Aunt Corey was my father’s ancient, sweet natured sister, widowed at about the same time Caesar crossed the Rubicon, I think. Sylvie…or Sylvia…was Pop’s niece, a few years younger than himself, with the temperament of a beetle in a frying pan. I got nervous just watching her shake. Her husband, some guy I’d never seen, and barely ever heard of, had run off with another woman many years ago. She and Mrs. McGuire had become sympathetic friends over that disclosure a long, long time in the past, but whereas Mrs. McGuire tried to drown the memory of George by having an affair with Old Crow, Sylvie denounced any worldly attempt for relief whatsoever. Save fishing. She was in love with the sport, though she would never stoop to sitting on the bank of a lake to perform her magic with the rod and reel. Stream fishing was her passion, and she was good at it.

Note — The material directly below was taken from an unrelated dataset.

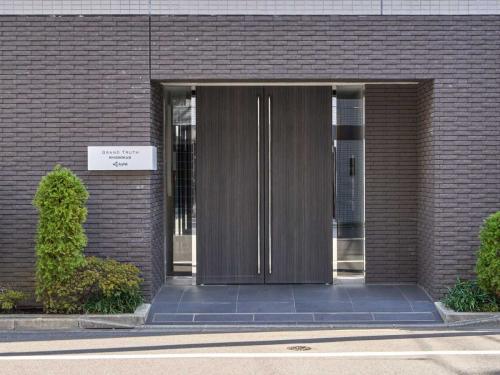 エントランス(撮影年月：2026年03月)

Despite the furious shaking of her fingers and the horrible twitch of her facial muscles, the woman was capable of baiting a sharp hook with the precision of a watchmaker. She knew trout more intimately, I think, than she could possibly ever have known her husband. Knew where they loved to rest, close to the shadowy banks of the creek, what bait they were most apt to go for at any given hour. I think she even knew the names of each and every one of them. She loved fish, or at least catching them, and it was she who taught me how to mercifully beat their heads against a rock after I’d snagged one and reeled it home.
“They suffer, Skip, when you pull them out of the water. They can’t breathe,” I remember her saying in her trembling voice on our very first outing. It occurred to me at the time that it might be terribly more merciful not to bother catching them in the first place. But then again, it was no fun at all to sit on the bank of the creek and just watch them swim by.
I inured myself to the barbarity of the sport for hers and Pop’s sake, I suppose, and in time became one of the world’s finest trout murderers. A compassionate killer, once a year, along the banks of Cabin Creek.
Aunt Corey and Sylvie arrived as promised later in the afternoon while Jimmy, Mick, and me were off chasing chipmunks and running down the list of possible activities for the upcoming week. Fortunately we’d all had the foresight to bring our Whamos and plenty of quarter-inch BBs—just in case we ran across a bear or a mountain lion. But whereas Jimmy and Mickey wanted to decapitate Chip and Dale whenever they poked their heads out of their dens, I amused myself by zeroing in on less sentient things, like boulders, tree branches, and sometimes bald eagles soaring thousands of feet higher than my pellets could possibly reach.
“Those little buggers are hard to hit,” Jimmy cursed after having no luck blasting even one of them into kingdom come several hours into the hunt.
“Yeah, well if you’d be a little quieter when you snuck up on them instead of acting like a white man, making all that noise, you might have better luck,” Mickey advised him.
“Yes,” I added, “the Indians use to walk over this ground without making a sound. They never spooked even the smartest animal. Sister Mary Dolorine is an Indian, you know.”
Jimmy looked at me, lowering his slingshot to his side. “You mean she comes up here an’ hunts squirrels?”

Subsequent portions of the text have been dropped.